Recent government and news reports have highlighted the vulnerability associated with our increasingly interconnected world. Hackers have been around since the dawn of Donkey Kong ®, but the sophistication of today’s complex information technology systems and the vital organisms they control have escalated their importance and the difficulty of protecting them. The distribution systems that support our grid are the circulatory system for the source of the nation’s vitality. These new threats are serious as a heart attack and just as potentially fatal. More appropriately, they are like a blood clot in the brain because they attack the intelligent aspect of grid management and could affect us at any time. Today, the DoD has no control over the prophylactic measures required to secure their energy sources. That responsibilities lie with the local utilities and DoD is at their mercy.
The Department of Energy and Idaho National Laboratory published a May 2010 report entitled “NSTB Assessments Summary Report: Common Industrial Control System Cyber Security Weaknesses”. The purpose of the report was to identify “vulnerabilities that could put critical infrastructure at risk to cyber-attack”. Specifically they examined critical energy infrastructure throughout the U.S.. They found a system riddled with application and operating system exposures, Web services accessibilities and unsecured Industrial Control Systems (ICS) protocols. The utilities are working on the vulnerabilities, but our installations are vulnerable because they are dependent on those utilities to deliver the power necessary for mission accomplishment.

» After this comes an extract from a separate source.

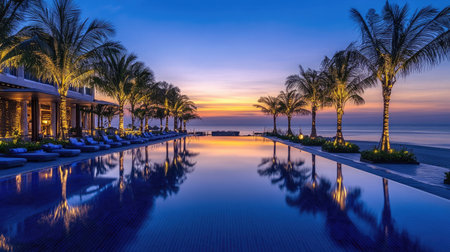 Infinity pool at a beachfront hotel overlooking the ocean, with palm trees lining the poolside and the sun setting on the horizon.の素材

The next item, found in the 23 Sep Navy Times, quotes VADM Barry McCullough’s comments to a House Armed Services Committee query on “cyber warfare” . When asked by Rep. James Langevin, D-R.I. about the vulnerability of the U.S. grid the Admiral, who is commander of the 10th Fleet, responded saying, ““These systems you discuss are very vulnerable to attack. Do we have a plan for an alternative power source, water source? A lot of this is single-source into a base, and if you take that away, while you have some limited backup power generation, it’s very limited for things such as water, sewer and so forth.”. The 10th Fleet was born out of the anti-submarine warfare community and, appropriately, is responsible for the Navy’s defense again this century’s “silent service”, cyber-attacks. The strategic vulnerability that Rep. Lagevin asked about manifests itself tactically in the ability to disable the long term power projection capabilities of our military installations. If you can’t control it, you can’t defend it.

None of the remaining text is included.